Other areas of research are also now providing new and exciting perspectives for systems biology. For example, recent studies have indicated that the dynamic biological networks within living cells, while differing in size and composition, have structural properties in common with networks outside the biological world. The emergent theory that describes how such nonbiological networks constitute themselves, how they react dynamically to perturbations and how their behavior translates into predictable and measurable properties of the system, including adaptability and robustness, should provide a general theoretical framework for systems biology. Further development of such theory and its integration into biological research thus represents an exciting branch of systems biology.

Clearly, the models generated by the application of network theory, or any other theory for that matter, will only be as good as the data available to develop and test them. Thus the collection of quantitative, high‐quality and validated data sets that reflect the syntax of biological information is critical for the success of systems biology. The techniques that have been successful for deterministic genetic approaches, including genomic sequencing, gene expression analysis, the identification of sequence polymorphisms, etc., are thus necessary but not sufficient for systems biology. It will therefore be incumbent upon system biologists to develop new quantitative technologies that are capable of systematically measuring the dynamics and ordering of, as well as the relationships and interactions between the molecules that constitute biological systems.

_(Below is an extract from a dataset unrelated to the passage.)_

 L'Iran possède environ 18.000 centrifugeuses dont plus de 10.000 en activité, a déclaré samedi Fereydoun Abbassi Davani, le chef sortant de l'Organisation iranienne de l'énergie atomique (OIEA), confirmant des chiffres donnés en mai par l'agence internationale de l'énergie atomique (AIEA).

In the mid‐1950s, Anfinsen began to concentrate on the problem of the relationship between structure and function in enzymes. Based on studies of ribonuclease, he proposed that the information determining the tertiary structure of a protein resides in the chemistry of its amino‐acid sequence (the letters and words of the information), which was already known at that time. To this date however, even after decades of intense research, the syntax of the information determining protein tertiary structure continues to evolve and produce new and surprising insights. Similarly today, the letters and words of systems biology are also largely known. Thus, it can be similarly anticipated that research into the syntax of the biological information of genomes will likewise continue to produce important and unexpected insights into biology for decades to come. It is hoped that many of these insights will be described in Molecular Systems Biology.